RAILWAY GAZETTE TV: With demand for passenger and freight movement by rail projected to rise significantly over the coming 20 years, infrastructure managers and train operators across Europe are facing the challenge of squeezing extra capacity from busy networks and building new lines despite financial constraints.
Railway Gazette International held its second live debate on Wednesday November 2, which addressed the capacity challenges confronting the European railway industry. The webinar and associated live wavecast comments are now available to view on our website
Moderated by Editor-in-Chief Chris Jackson, the webinar comprised Elaine Holt, Chairman of UK inter-city operator East Coast, Lord Tony Berkeley, Chairman of the Rail Freight Group and a past President of the European Rail Freight Association, William Barter, a Fellow of the Institution of Railway Operators, and Ted Stephens, Rail & Transit Solutions Executive at Bentley Systems.

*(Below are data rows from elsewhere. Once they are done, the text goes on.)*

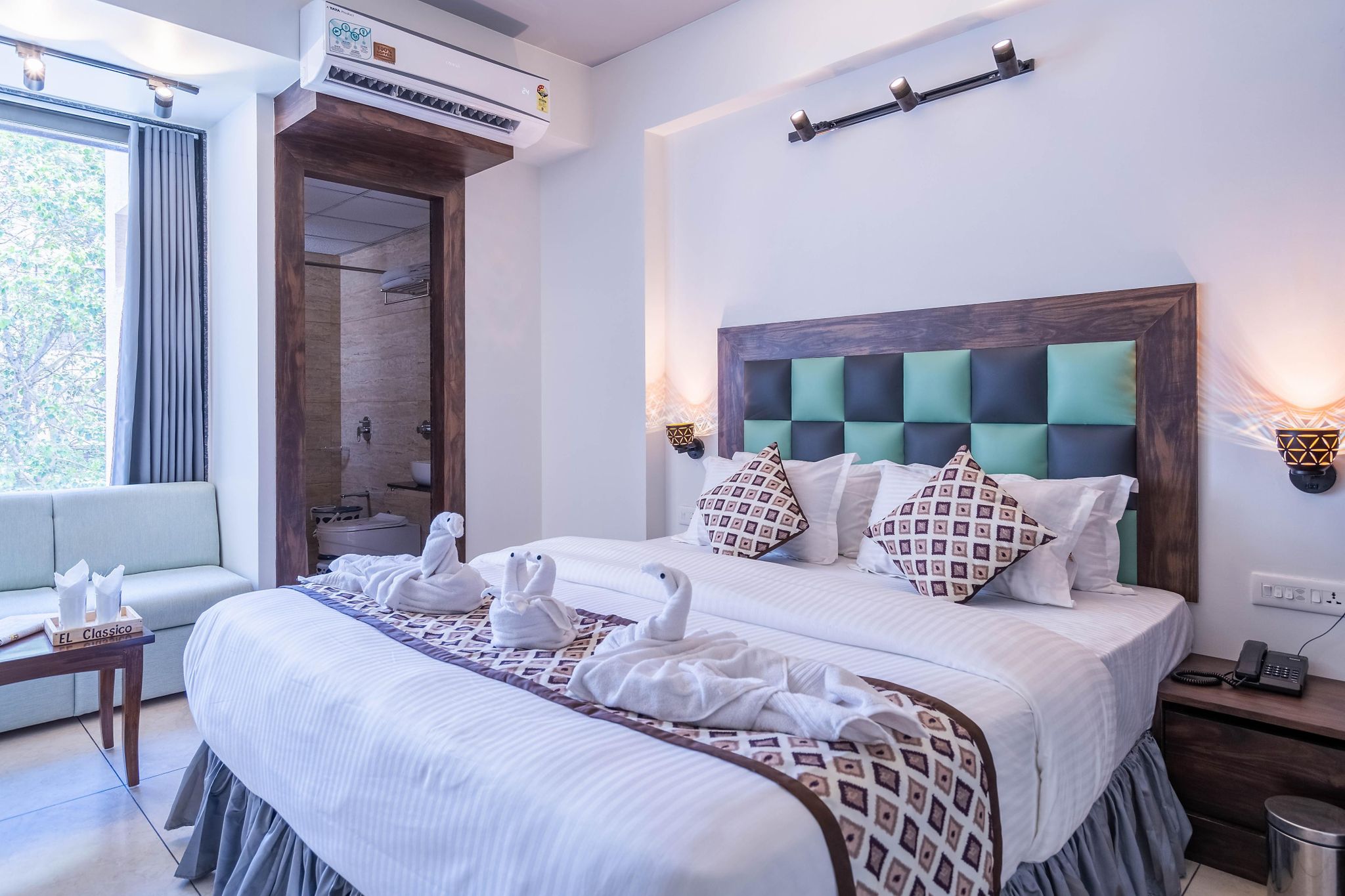 El Classico Comfort Double Bed Room ( Complimentary Hi-Speed Wi-Fi Service ) 5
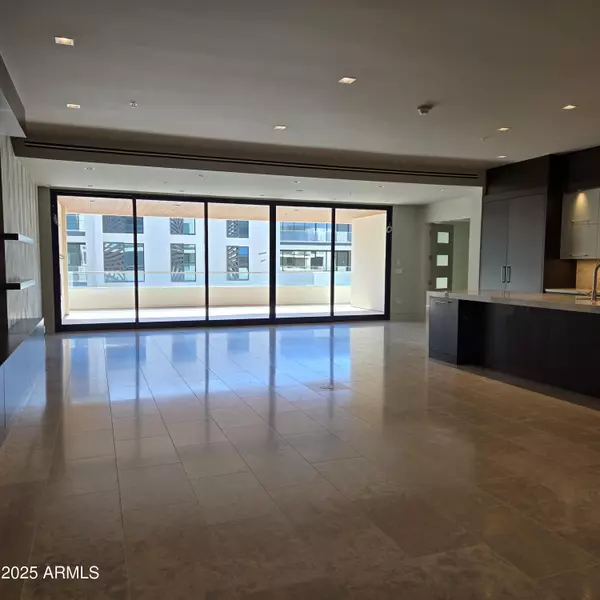 Paradise Valley, AZ 85253,6587 N PALMERAIE Boulevard #2022
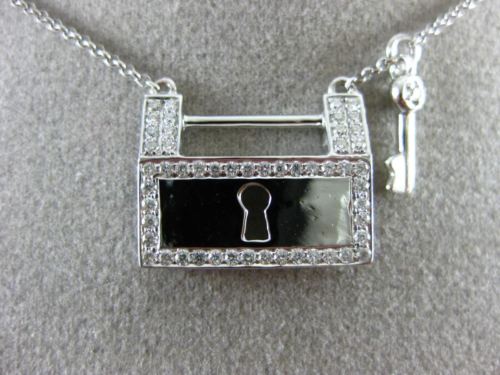 ESTATE .28CT DIAMOND 18KT WHITE GOLD 3D KEY LOVE TO YOUR HEART PURSE NECKLACE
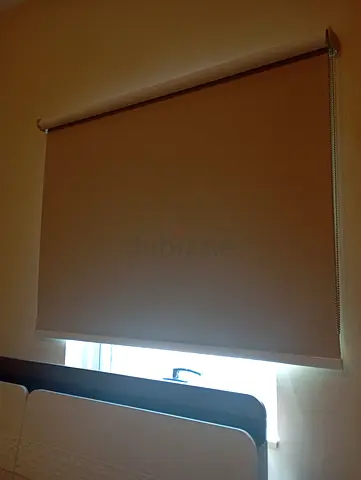 Beige Roller Blind with Chain Control - 3 ft * 4ft.Excellent Condition.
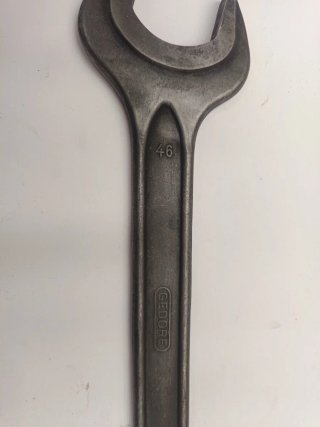 Llave de boca reforzada 46 mm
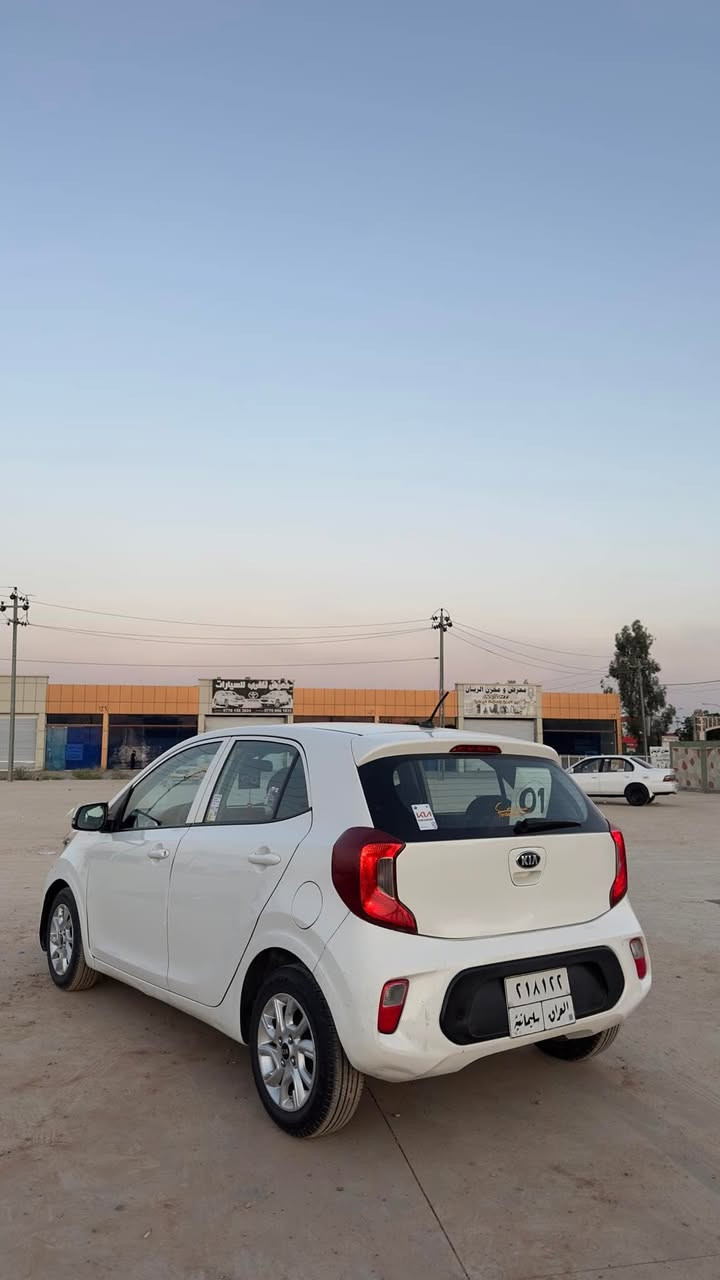 سلام علیكم كیا بیكاتو موديل 2019 رقم سليمانيه تحويل وكاله كابون بانزين بي 
سياره بي اربعه قطع صبغ بدون تبديل 
كهربايته كله شغال تبريد ثلج 
محرك 4 سلندر گير محرك مافتوح  حداديه امامي خلفي  مامفتوح اربعه تايرات جديد 
مكان سياره كركوك 
سعر 90 بي مجال 
رقم موبايل ***********
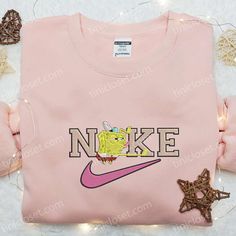 Introducing the SpongeBob SquarePants x Nike Cartoon Embroidered Sweatshirt! This playful collaboration brings together the beloved SpongeBob characters and the Nike Anime, Nike Cartoon, Nike Inspired, Jessie Toy Story, Best Family Gifts, Maroon Hoodie, Cartoon Disney, Embroidered Shirts, Mike Wazowski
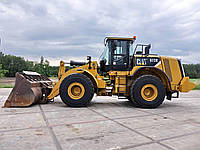 Фронтальный погрузчик Caterpillar 972K.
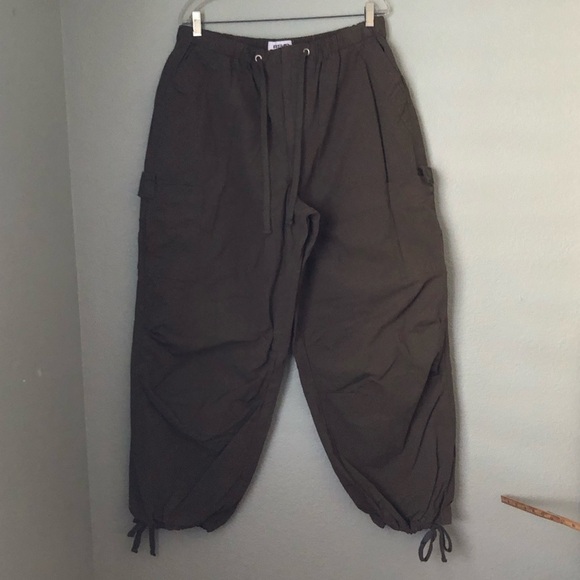 RSQ Olive military green fluffy cargo pants with zipper XXLarge - Picture 2 of 13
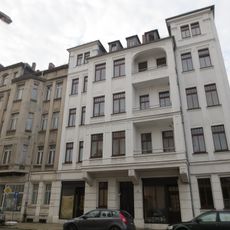 Mietshaus in halboffener Bebauung (bauliche Einheit mit Georgstraße 27 und Schloßstraße 33) Georgstraße 29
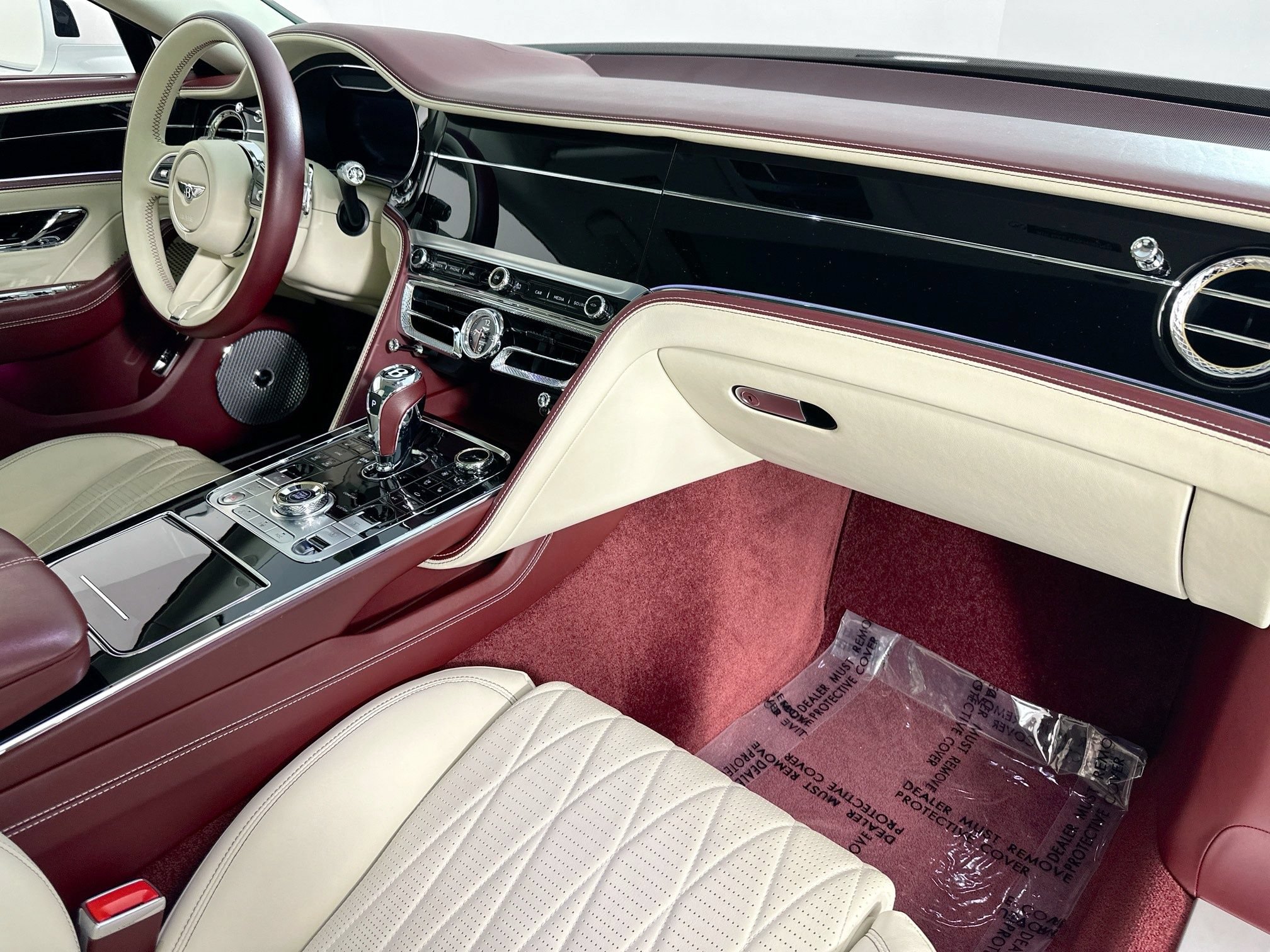Certified 2022 Bentley Flying Spur W12 AWD/4WD image 2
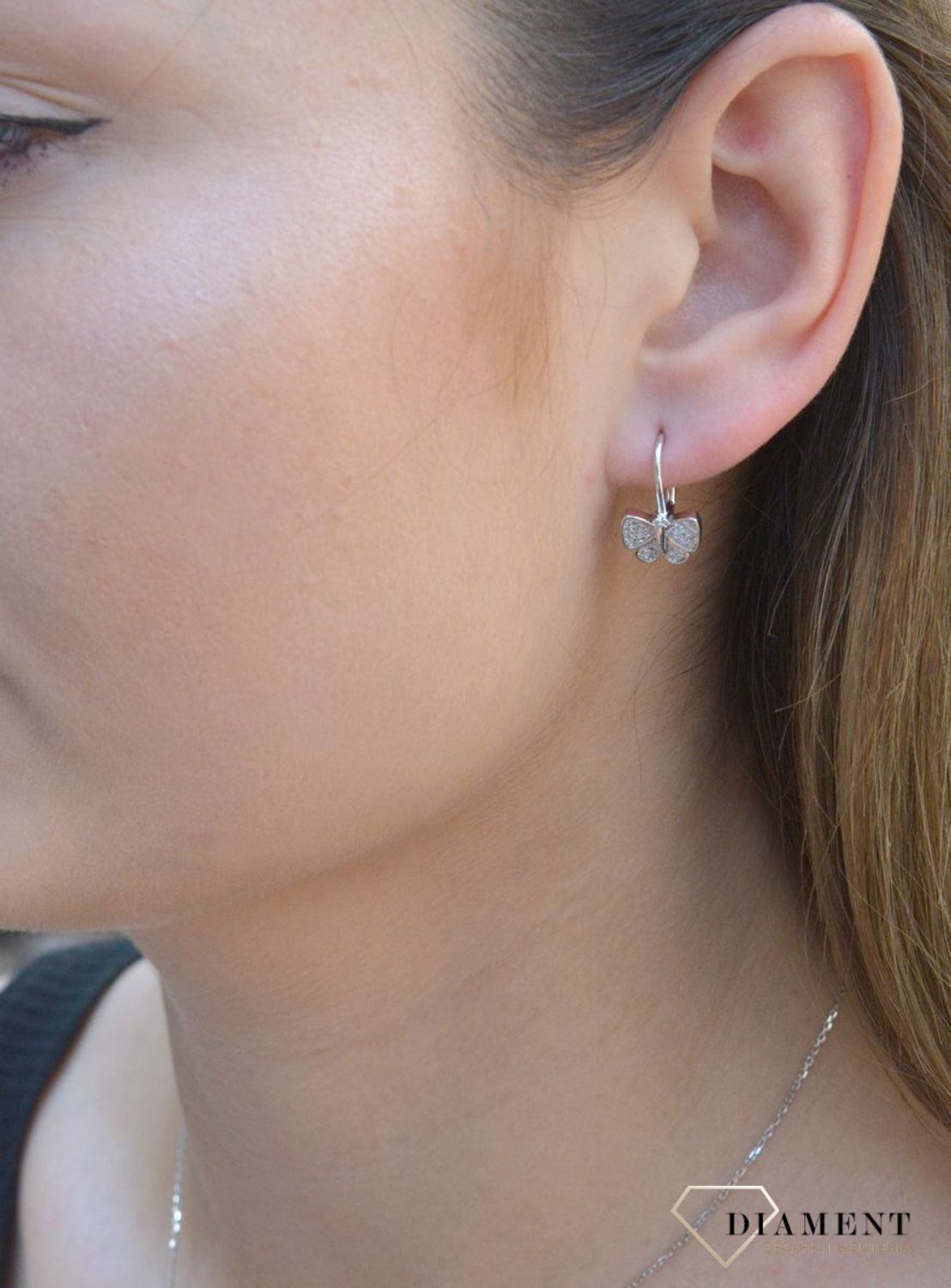 Srebrne kolczyki w kształcie motyli z cyrkoniami DIA-KLC-6320-925.Srebrne kolczyki przy uchu w kształcie motyli. Kolczyki motylki zostały ozdobione cyrkonią. Kolczyki te symbolizują symbol szczęścia, natchn.jpg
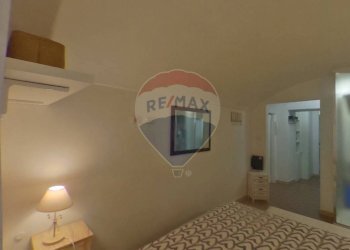 One-room apartment Via Giulia di Barolo, 7 
 Centro, Torino (neighborhood Centro) - photo 5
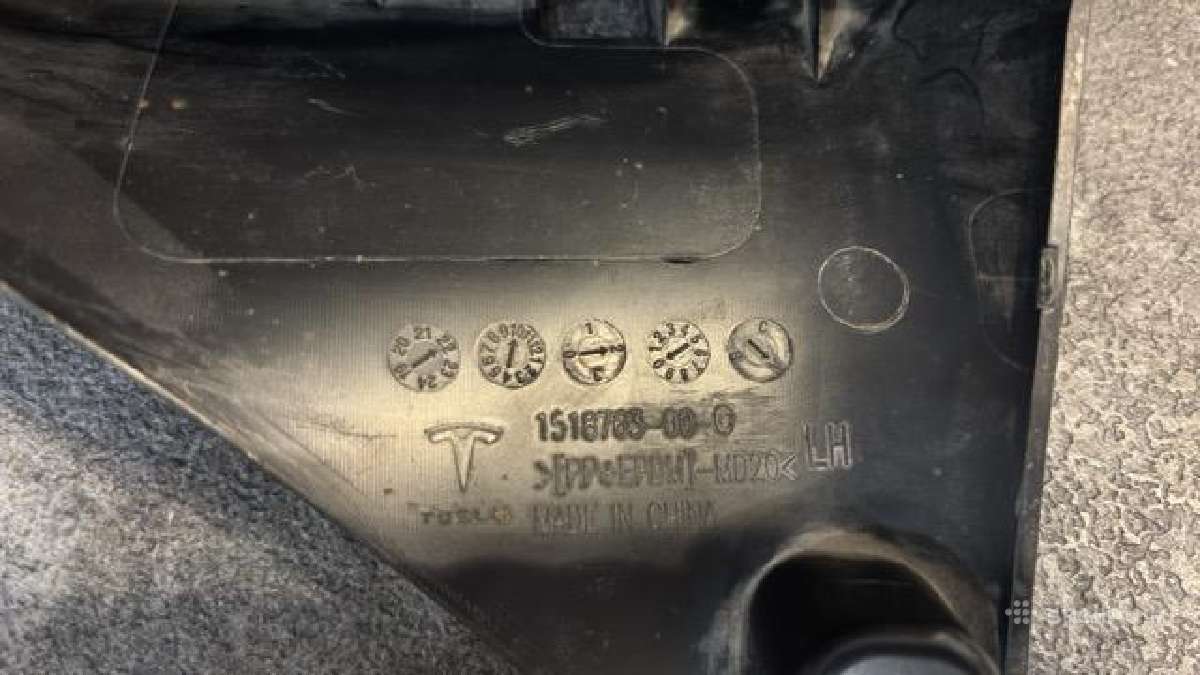 Tesla Oem front mud flaps - purvasaugiai priekiui - nuotraukos Nr. 3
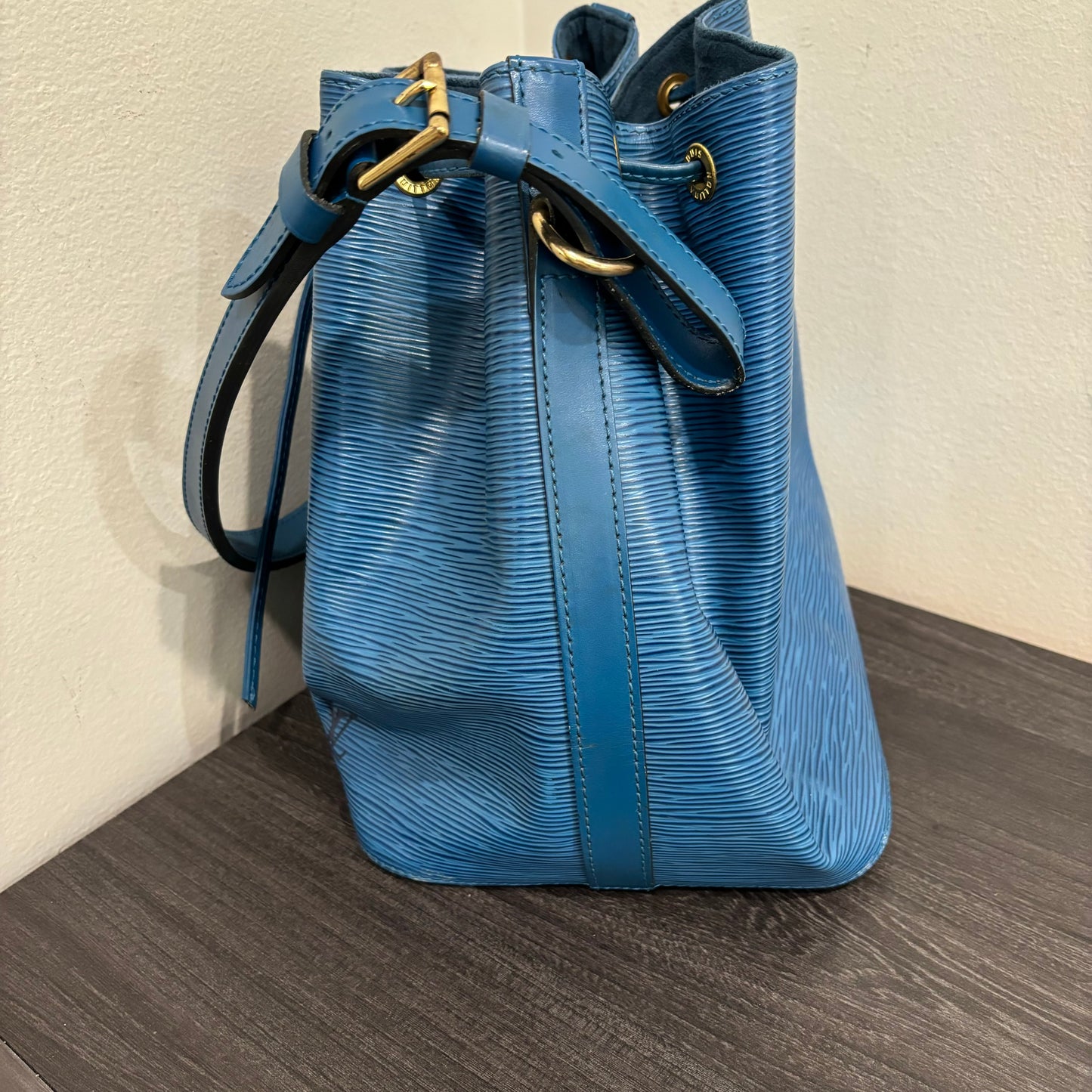 CLEARANCE #328 LOUIS VUITTON Epi Petit Noe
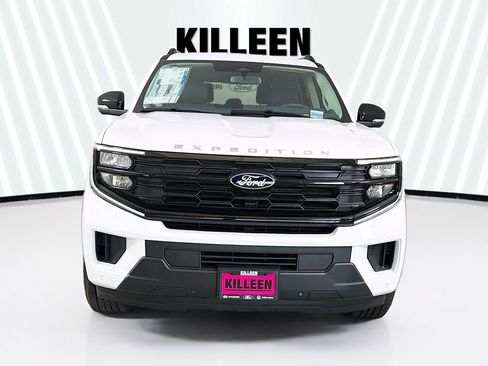 New 2026 Ford Expedition Active image 2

Key discussion points centred on finding the right balance between competing rail users, especially balancing the demand from freight and passenger operators. Whilst Lord Berkeley expressed concern about the marginalisation of freight at busy nodes, Holt responded that the prospect of pathing more freight trains over the London – Edinburgh East Coast Main Line ‘fills me with horror, to be quite frank’.
The panel recognised the importance of grouping services by speed to make best use of capacity, but agreed that this added to the difficulty of serving intermediate market. The speakers were doubtful about the extent to which ETCS and other advanced train control technologies could enhance capacity, although Barter saw real potential for equipping the congested North London Line to improve loadings and help to manage the flow of intermodal freight and high-frequency commuter services.
Automated condition monitoring and data analysis were advocated by Stephens as a means of ensuring maintenance becomes more efficient and possessions minimised, with train-borne measuring equipment offering particular benefits. ‘You don’t need to be on the track to monitor its condition — the railway needs to move towards this technology’, Stephens recommended.